The legendary Wallace Shawn admirably mounted Denis Johnson’s short “Car Crash While Hitchhiking,” first published in the Review and later chronicled in Johnson’s beloved episodic novel Jesus’ Son. He captures Johnson’s earnestness of sorts, an ideal lead for Johnson’s false prophet. I say this knowing that Billy Crudup played the role in the movie. Shawn’s voice has gravelled some in graying years: no longer at that pinched pitch of The Princess Bride and Clueless – at least not exclusively. Perhaps he always had such grit in him, and it is only brimming to the top with material as rich as Johnson’s (to take nothing away from the superb craft of Amy Heckerling). While some – Stein included – remarked on the grimly dark humor of the story, I was taken with the levity Shawn brought to a story of surreal tragedy. Perhaps it’s that I still equate the sound of Shawn’s voice with boyhood sleepovers and camaraderie with Andre the Giant (I came around to his essays and plays later in life), but he spoke as someone who knew what it was to walk on water, or at least be pretty sure you’re capable.
The debut of a book bag designed by a Review reader to commemorate the new Strand-PR union was unveiled to the oohs and awes of all. For act three, Amy Warren of stage and screen (namely Boardwalk Empire and August: Osage County) was up to the challenge of orating Dorothy Parker’s 1957 “The Art of Fiction” interview alongside the Review’s deputy editor Sadie Stein. Warren had the sardonic gravitas of Parker down to a science, trading barbs like they were relief pitchers’ rookie cards.
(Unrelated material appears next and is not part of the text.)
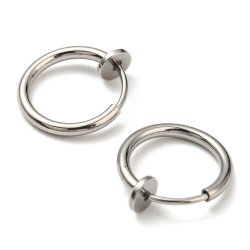 Clip-on earrings with ring, 304 stainless steel, 14.5 mm, 2 pcs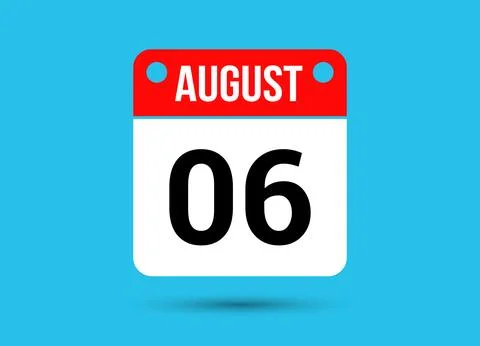 August 6 Calendar Date Flat Icon Day 6 Vector Illustration Stock Illustration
Quick: let’s Google “salons.” Pareene stronghold Salon.com notwithstanding, we learn that these were thrown by patrons of the arts, leaders of fashion. Prior to the end of the 17th century they were held in bedrooms, while the lady of the house laid on the bed holding court. Then there’s the notorious “Salon” annual exhibition of Paris’ Academie des Beaux-Arts, the top art show of the 18th/19th century’s western world, and subsequent Salon des Refuses of 1863, an annex of rejected, publicly mocked works that included Manet’s “Luncheon in the Grass,” Whistler’s “The White Girl,” and proletariat “outsider” art from folky sister bands and macaroni painters.
But who needs any of that when you have good cashews?